Una vocación de editor es un ensayo sobre el papel que debe desempeñar el editor del siglo XXI, pero también es una carta de amor a un amigo difunto. Echevarría evita dejarse llevar por la emotividad, pero algunos párrafos desprenden tanto cariño como admiración hacia el que fuera, por así llamarlo, su alter ego. De hecho, en los agradecimientos finales, el crítico reconoce que aceptó el encargo de escribir este libro por una única razón: ‘seguir conversando con Claudio’.

Lo que quería era leer

Por cierto, en las páginas finales de esta pequeña joya bibliográfica, Echevarría nos explica el motivo por el que Claudio López Lamadrid resopló el día en que coincidió en el tren con Emiliano Monge, así como la razón de sus frecuentes huidas en mitad de las fiestas. Y es que, como tantos otros colegas de profesión, Claudio se hizo editor porque le gustaba leer.
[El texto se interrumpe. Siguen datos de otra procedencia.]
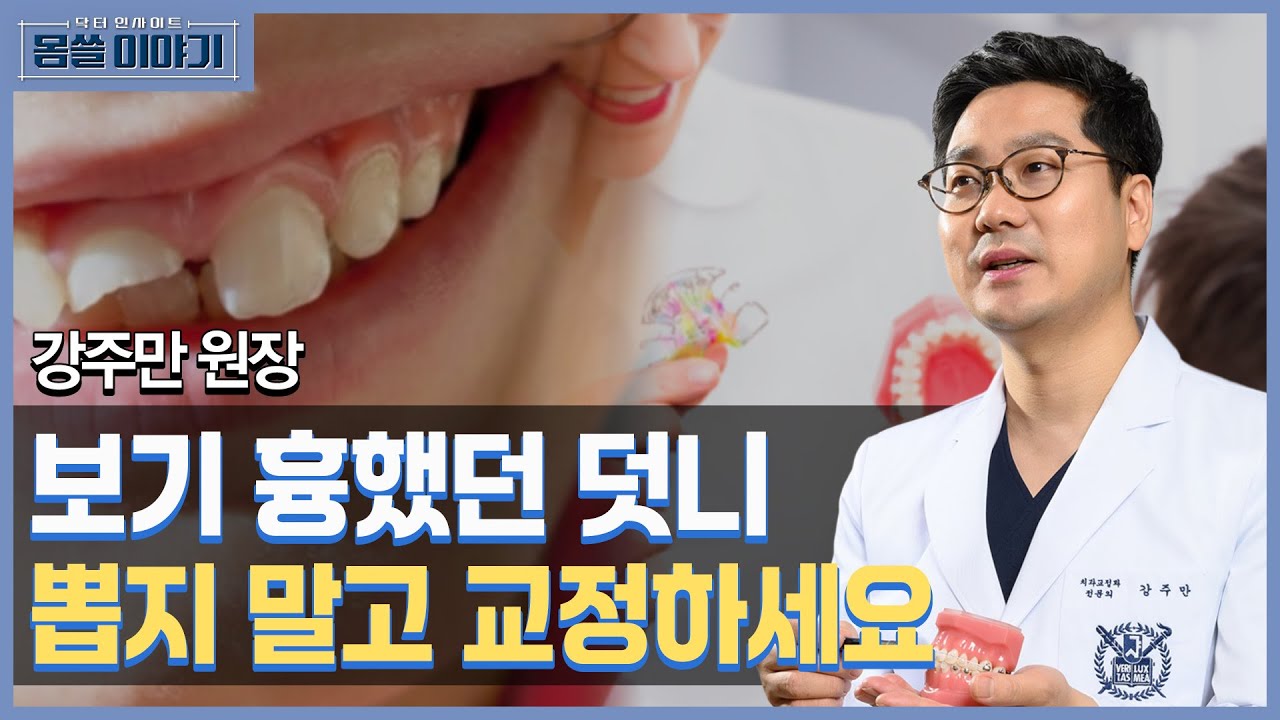 디지털 접목!…덧니 비발치로 정밀하게 교정하자 [몸쓸이야기 6회]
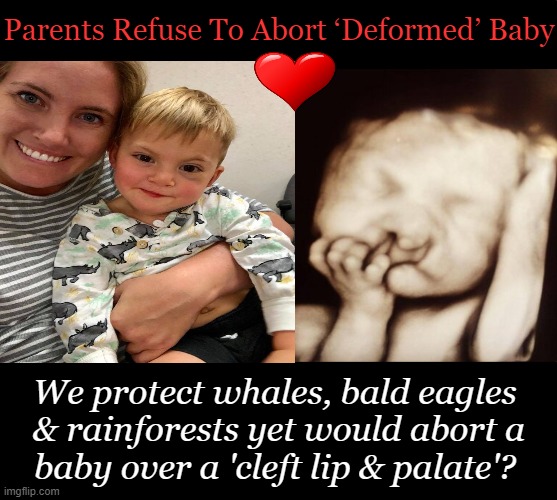 Choose Life. Your Mom Did. | Parents Refuse To Abort ‘Deformed’ Baby; We protect whales, bald eagles 
& rainforests yet would abort a
baby over a 'cleft lip & palate'? | image tagged in politics,life,gift of life,abortion,choose wisely,babies | made w/ Imgflip meme maker
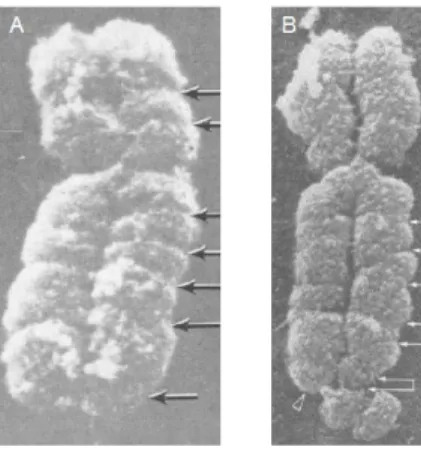 Abbildung  5:  Elektronenmikroskopische   Aufnahme   eines   normalen   und   fragilen   X-Chromosoms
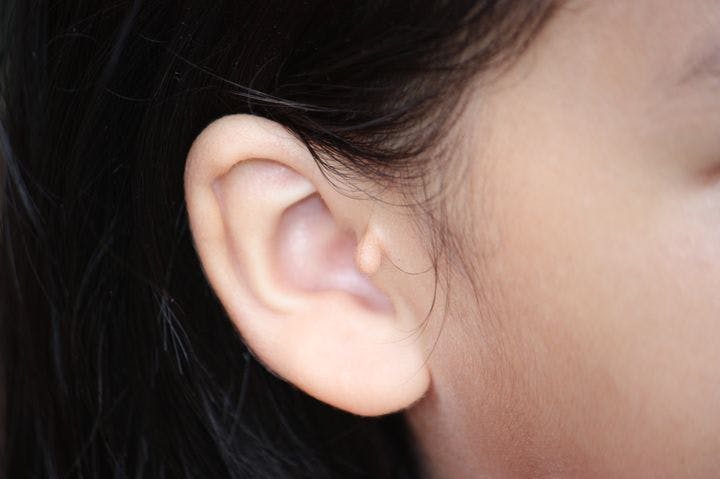 Close-up of a preauricular skin tag on a girl’s right ear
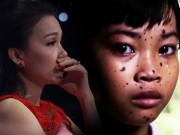 Giải trí - Cẩm Ly, Trấn Thành xót xa cô bé bị bạn bè gọi là “chó đốm” vì căn bệnh quái ác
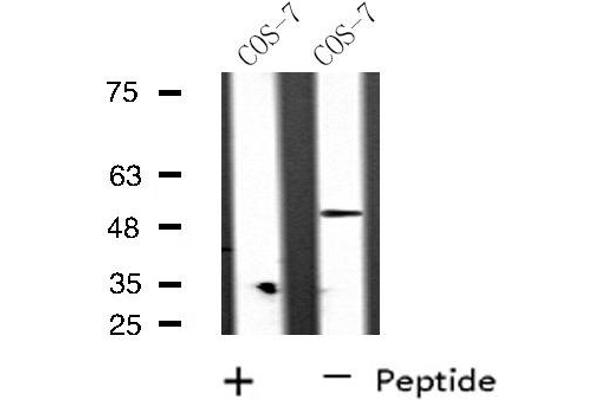 RAD51C antibody  (Internal Region)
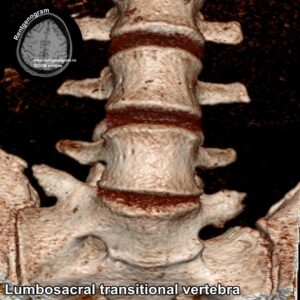 Lumbosacral transitional vertebra_CT_5
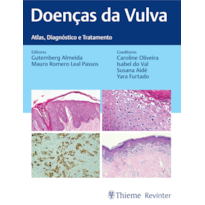 DOENÇAS DA VULVA: ATLAS, DIAGNÓSTICO E TRATAMENTO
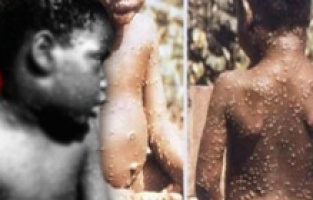 Koronadan kurtulamadan yeni bir ölümcül virüs başladı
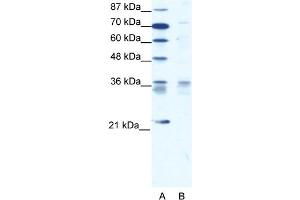 WB Suggested Anti-BARX1 Antibody   Titration: 1. (BARX1 Antikörper  (Middle Region))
Sin embargo, pronto descubrió que ser editor podía ser la vía más directa para dejar de hacerlo o, al menos, para dejar de hacerlo con libertad.

Las ferias, los contratos, los autores, los balances de cuentas, las reuniones… Hay demasiadas cosas que roban el tiempo a los editores, quienes en muchas ocasiones acaban leyendo tan sólo aquello que van a publicar y quienes, en consecuencia, le pierden el gusto a eso que antes les hacía vibrar.

Claudio percibió este peligro enseguida y no cayó en la trampa. Él quería seguir disfrutando de la lectura, quería continuar eligiendo los libros por placer, quería mantener vivo al chaval de la goma de borrar. Y por eso, cuando disponía de tiempo libre, ya fuera en un bar o en un tren rumbo a Madrid, se apartaba de todo y de todos, y se sumergía en la lectura de alguna novela o poemario que no hubiera publicado él.